### Action item
When you reach the line containing "22款ppr管件规格型号对照表,一张长图随时可保存收藏! 22款ppr管件规格型号对照表,一张长图随时可保存收藏!", start transcribing exactly and continue through the last line of the data, skipping every picture.

── Extracted information

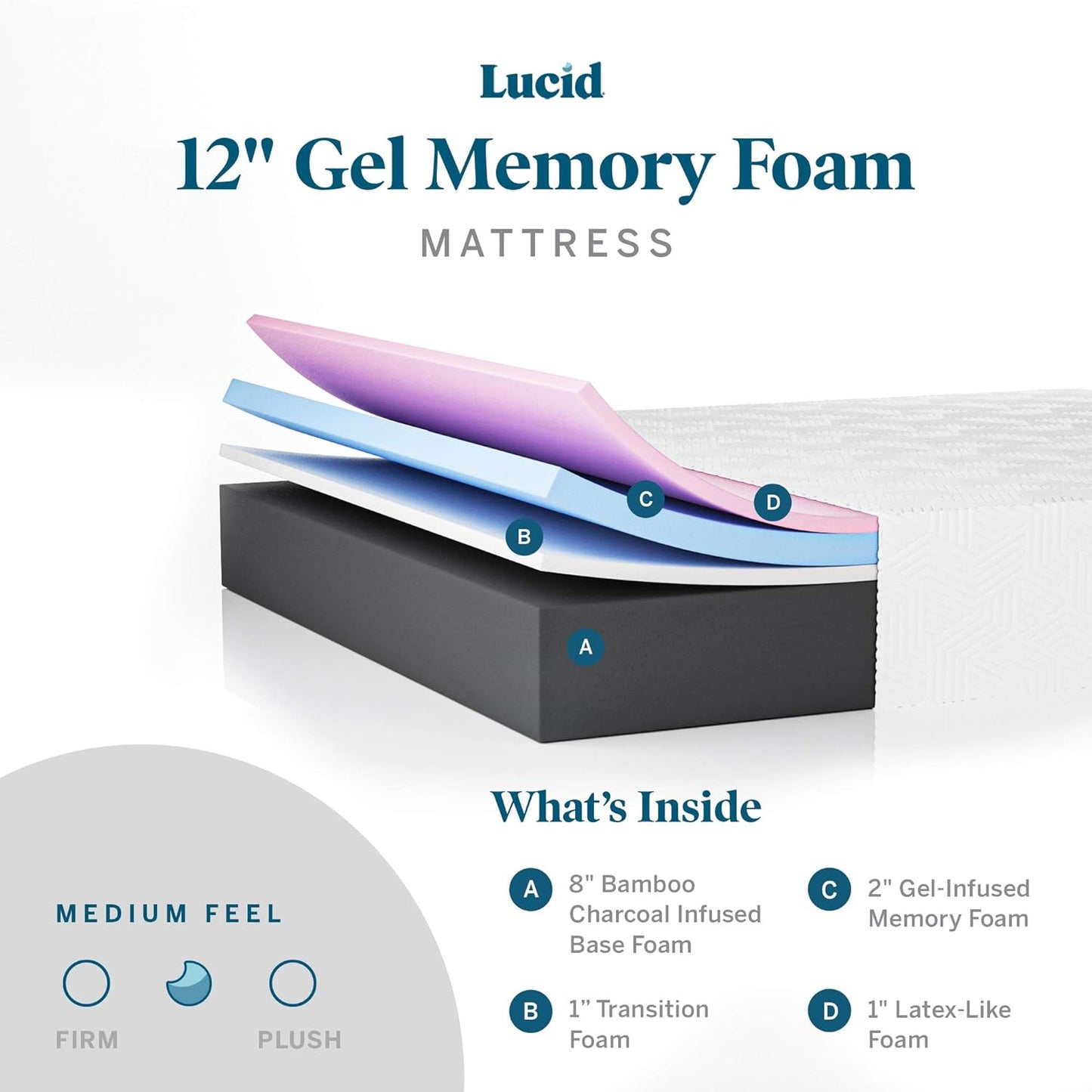 NEW - LUCID 12 Inch FULL Mattress – Medium Memory Foam Mattress – Bamboo Charcoal Foam – Gel Infused – Hypoallergenic Foam Mattress – Bed-in-A-Box- CertiPUR-US Certified, White - Retail $399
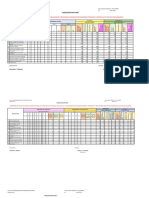 EGRA Consolidation Form Grade I - English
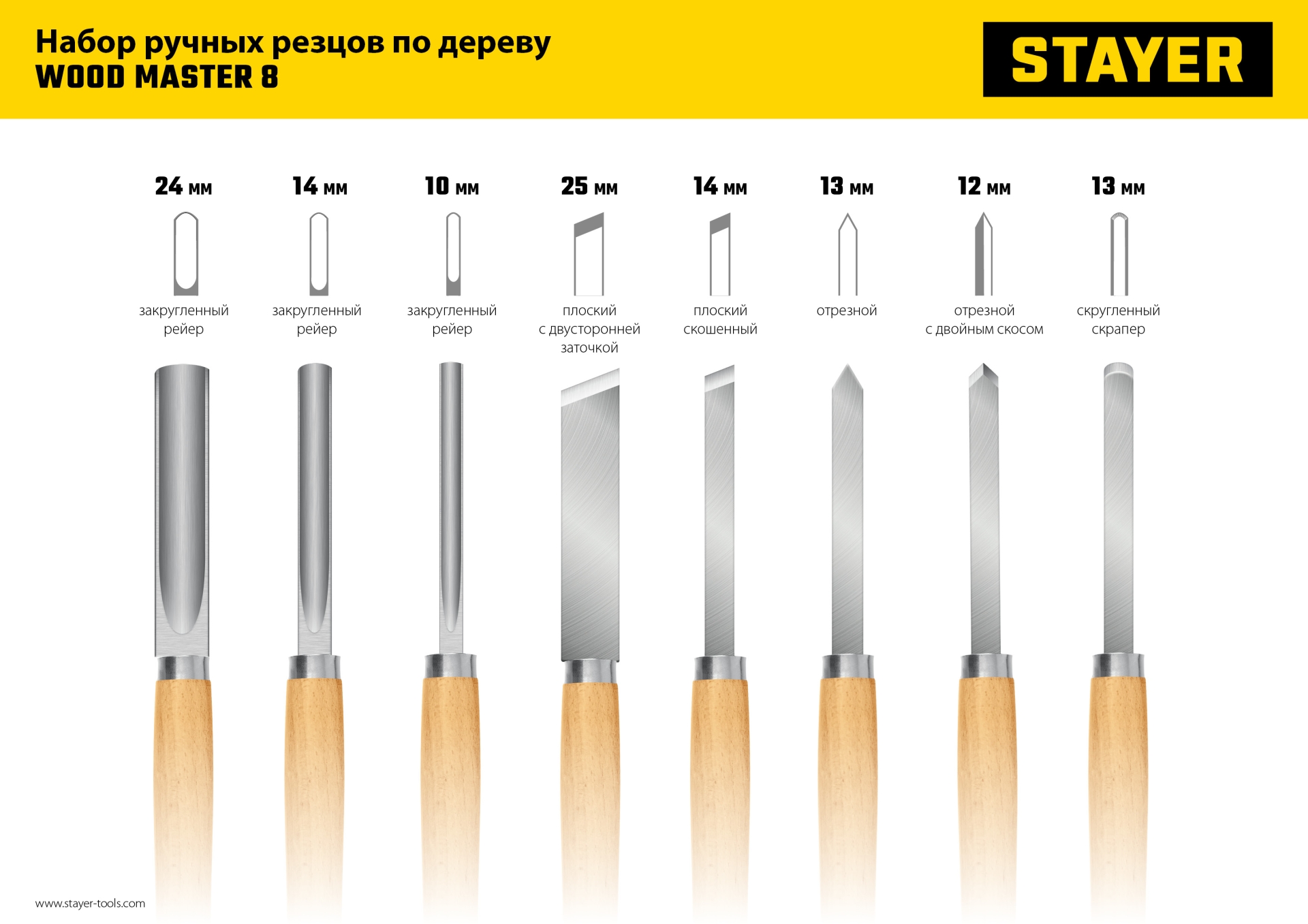 STAYER Wood Master, 8 предм., набор ручных резцов по дереву, Professional (1836) — фото 12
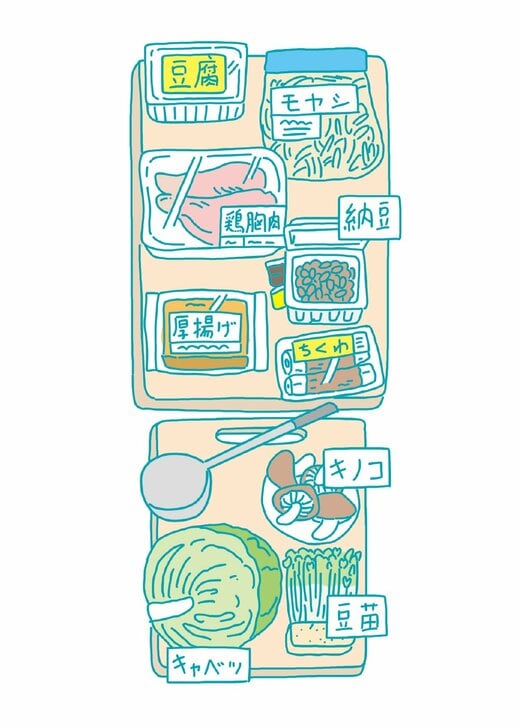 食費の助けになった食材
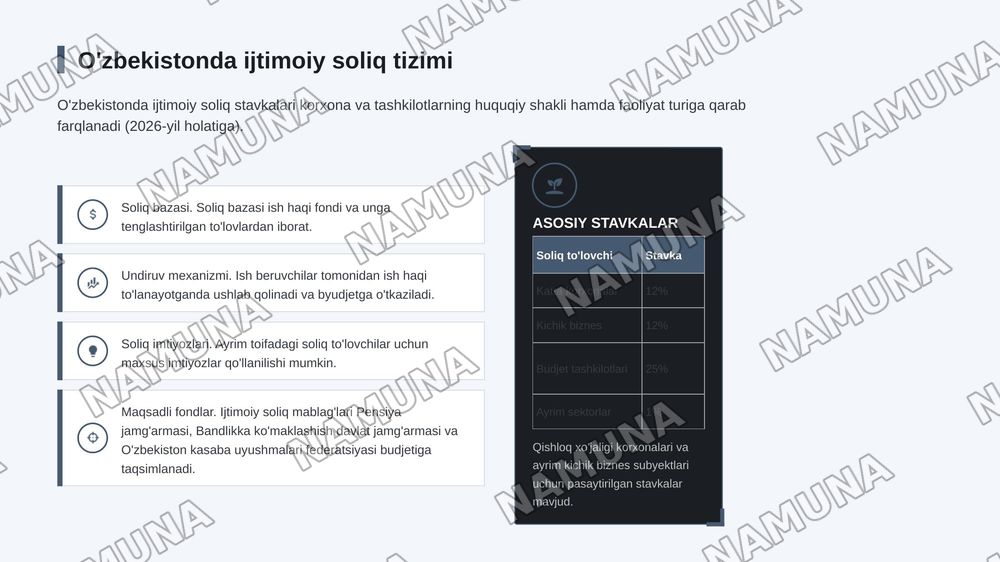 Ijtimoiy soliq va uning iqtisodiy mohiyati — zamonaviy taqdimot, 6-slayd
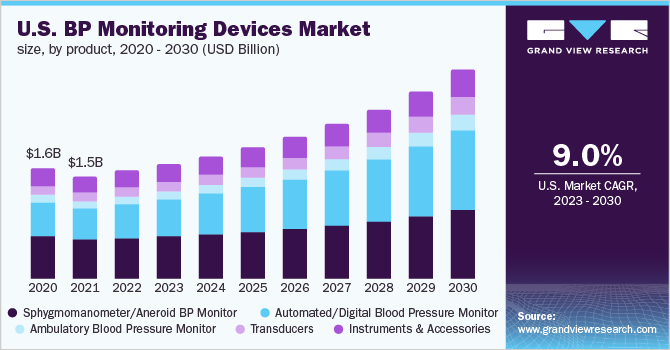 U.S. BP monitoring devices market size, by product, 2020 - 2030 (USD Billion)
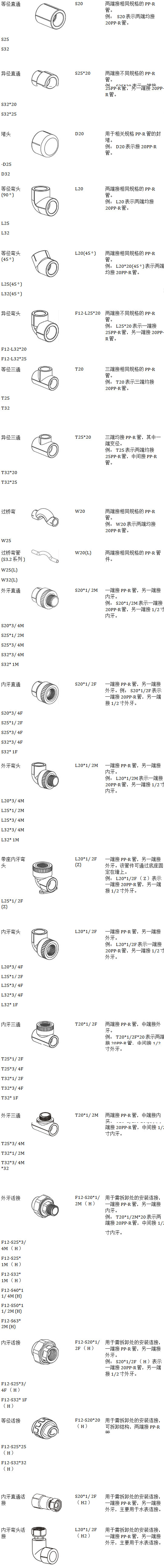 22款ppr管件规格型号对照表,一张长图随时可保存收藏! 22款ppr管件规格型号对照表,一张长图随时可保存收藏!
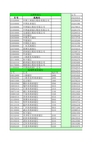 最新-全国及区域收单行代码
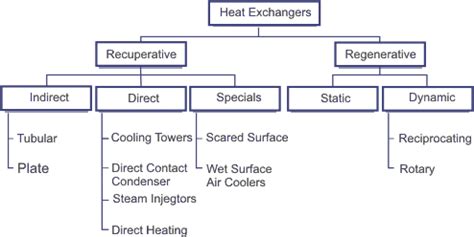 HEAT EXCHANGERS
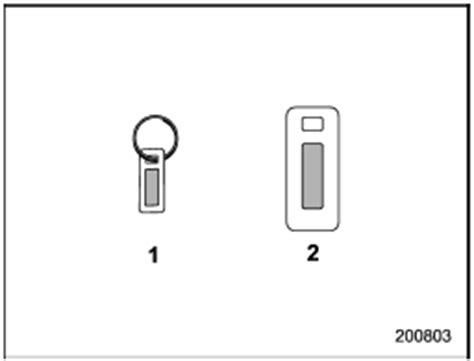 Image result for Subaru Key Number Plate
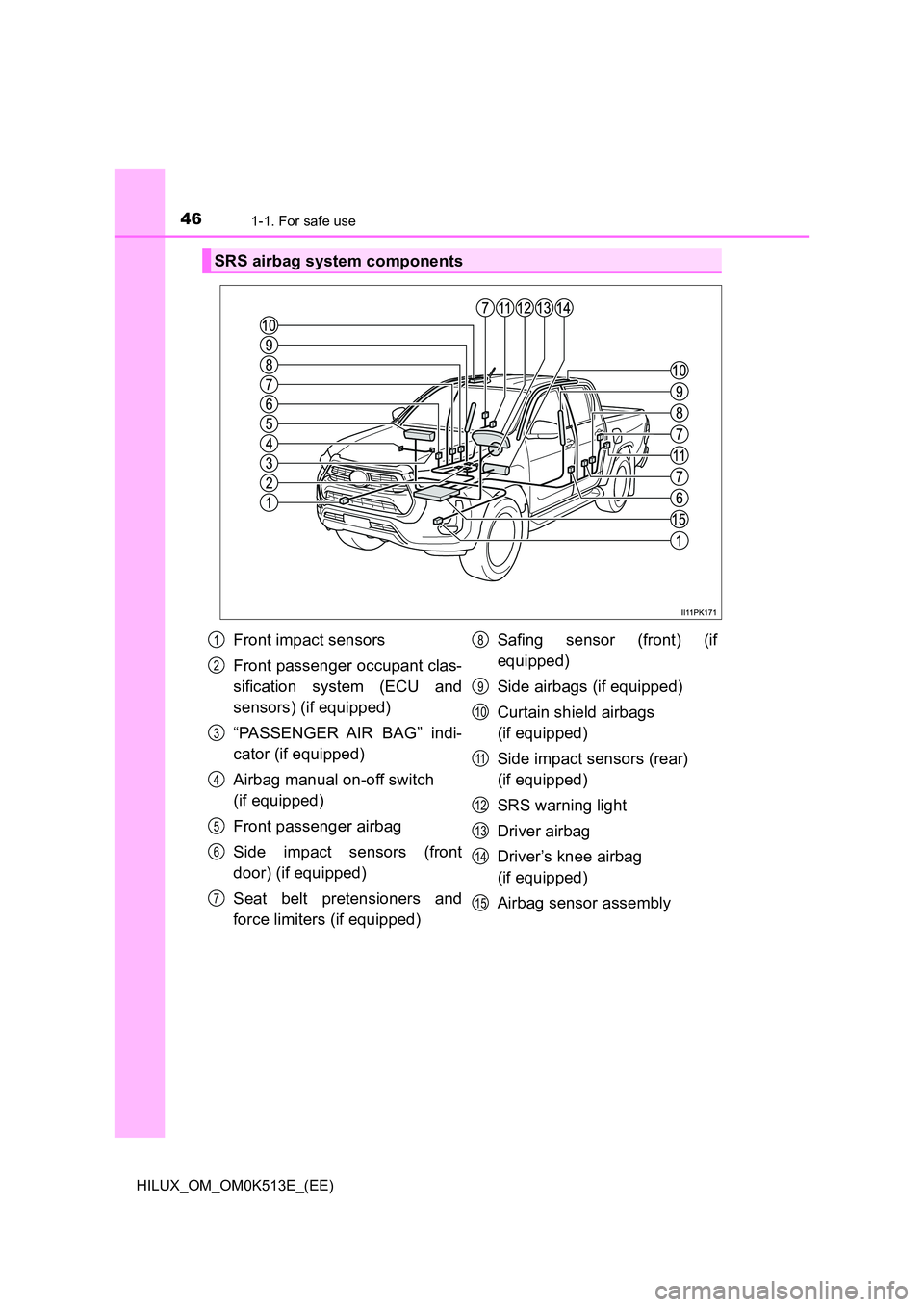 TOYOTA HILUX 2021  Owners Manual (in English) 461-1. For safe use
HILUX_OM_OM0K513E_(EE)
SRS airbag system components
Front impact sensors 
Front passenger occupant clas- 
sification system (ECU and 
sensors) (if equipped) 
“PASSENGER AIR BAG�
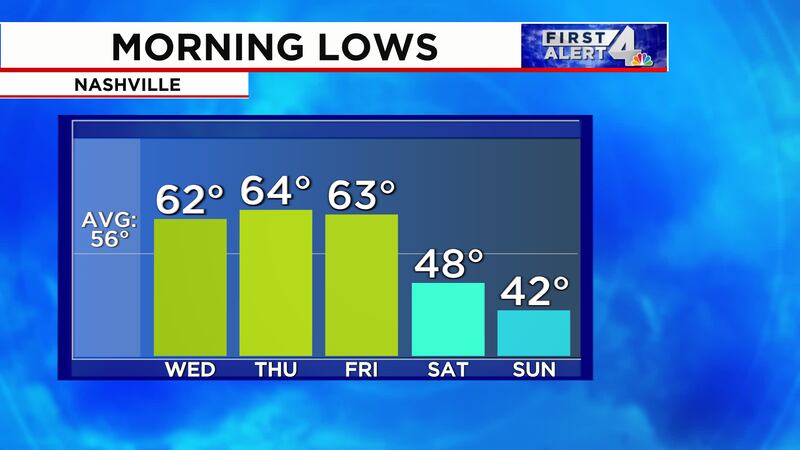 Lows will be in the 40s by this weekend.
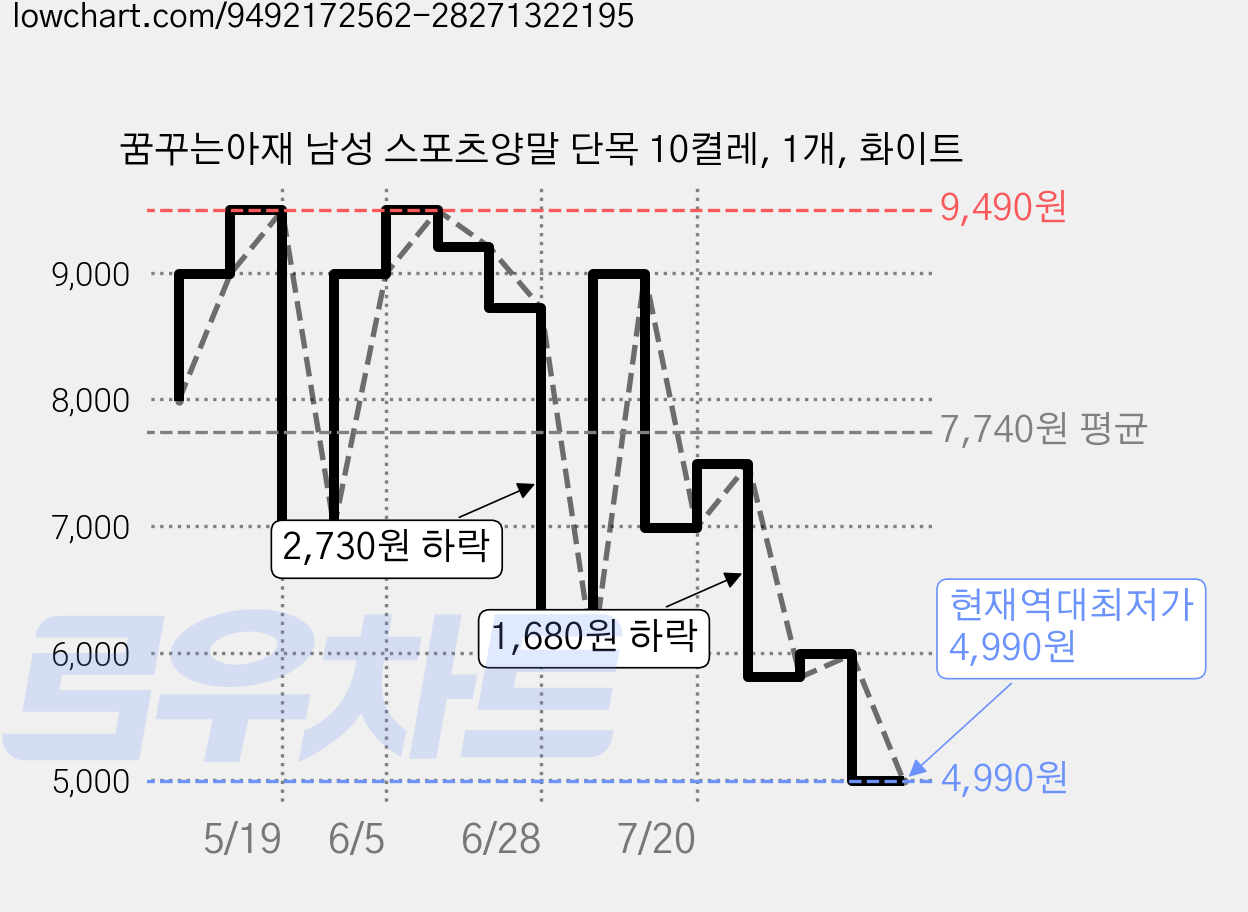 꿈꾸는아재 남성 스포츠양말 단목 10켤레, 1개, 화이트 가격 변동 차트, 현재가 4,990원, 역대최저가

────

### Exercise response
 22款ppr管件规格型号对照表,一张长图随时可保存收藏! 22款ppr管件规格型号对照表,一张长图随时可保存收藏!
 最新-全国及区域收单行代码
 HEAT EXCHANGERS
 Image result for Subaru Key Number Plate
 TOYOTA HILUX 2021  Owners Manual (in English) 461-1. For safe use
HILUX_OM_OM0K513E_(EE)
SRS airbag system components
Front impact sensors 
Front passenger occupant clas- 
sification system (ECU and 
sensors) (if equipped) 
“PASSENGER AIR BAG�
 Lows will be in the 40s by this weekend.
 꿈꾸는아재 남성 스포츠양말 단목 10켤레, 1개, 화이트 가격 변동 차트, 현재가 4,990원, 역대최저가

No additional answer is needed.